肉肉喵 11044字 2023-01-23

  “刀之一道,在道,不在刀。”

  这是边涌澜初习刀法时,教习师父说予他听的头一句话。

  那人本也曾凭一把刀名震江湖,可惜江湖儿女,生死之间,没有人能常胜不败。败了一次的下场,就是失了一条胳膊,从此再也拿不得他赖以成名的左手刀,最终能在宫中当个教习,让妻儿衣食无忧,他很知足。

  这名教习本就是个左撇子,纵然右手刀使得不似左手刀精湛,教一名小儿学刀也绰绰有余。只是招式能教,道却教不得。

  悟道一事讲究的是心性,机缘,是看不见摸不着的东西,各人有各人的造化,强求不来。

  边涌澜八岁拿刀,十六岁出师,可及至二十一岁这五年间,却未在他人面前使过一次刀法,只是每一年都会回到出生之地去看一看江潮。

  五年花开花落,潮来潮去,挽江侯二十一岁这年,先帝驾崩,太子即位,西北两个天/朝属国之间,兴起兵燹之祸。

  兴兵的属国首领并未得了失心疯,只是倚仗国中出了一名难得的将才,想趁天/朝政权交替,无暇他顾时,找个由头出兵攻打接壤邻国,抢占一些土地人口。

  两个属国之间你争我夺一番没什么不好,正好耗耗他们的力气。

  刚刚即位的天子观属国相争只如两狗相斗,未曾出兵偏帮一方,却也多少心下不愉——前来朝贺登基大典的两国使臣还在驿馆里住着,那头就打了起来,难免有些扫兴。

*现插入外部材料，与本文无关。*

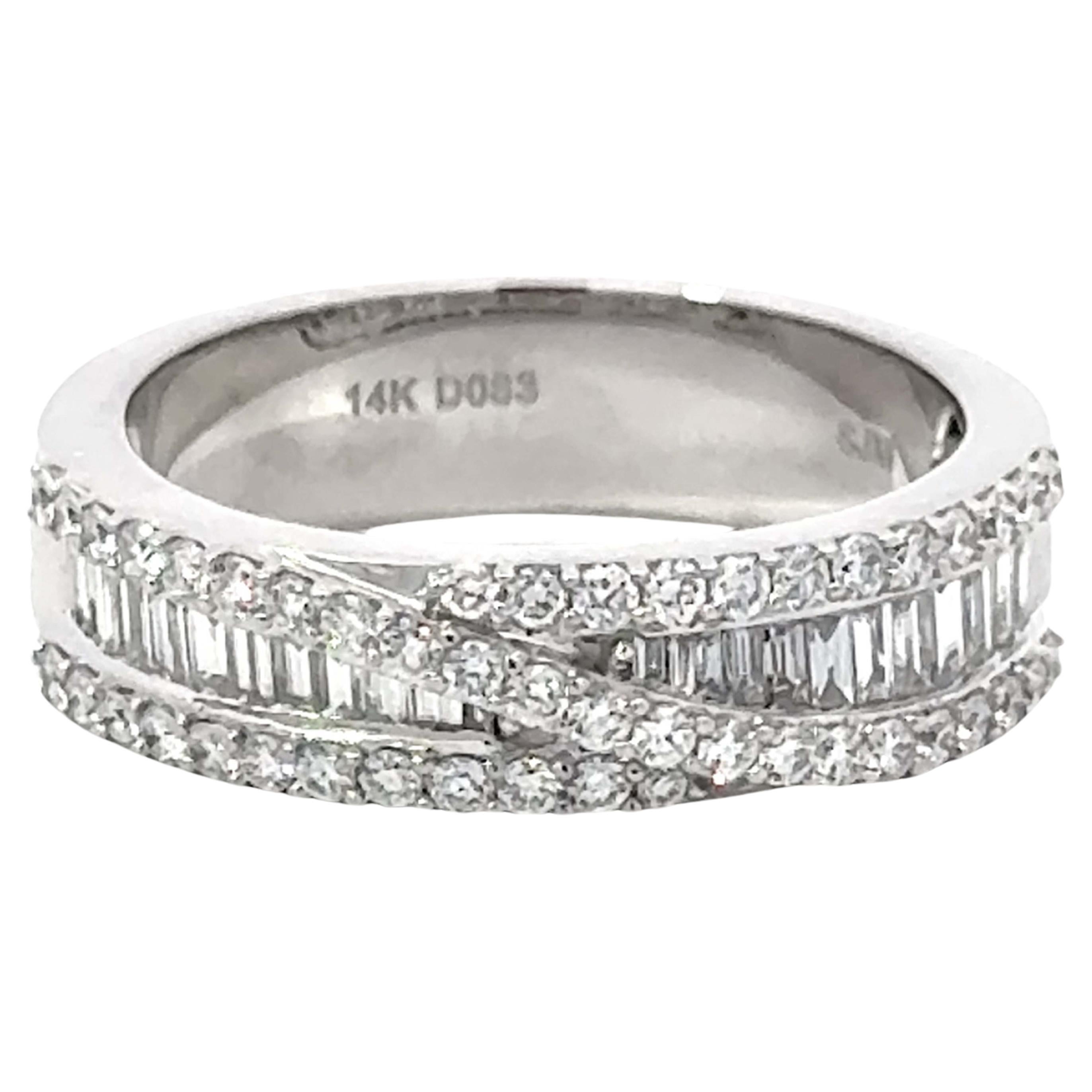 Brilliant Diamond Crossover and Baguette Diamond Band Ring 14k White Gold For Sale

  挽江侯年轻气盛,连夜请战,权当是送给新帝一份贺礼——他未带一兵一卒,只带十数亲随护卫千里奔袭,于乱军之中取了那位名将首级,攻成即返。

  圣上龙颜大悦,言道涌澜你这开刀的第一战,长了天/朝的脸面,遂下令寻访天下名匠,使天外陨铁铸刀一口,赐予挽江侯。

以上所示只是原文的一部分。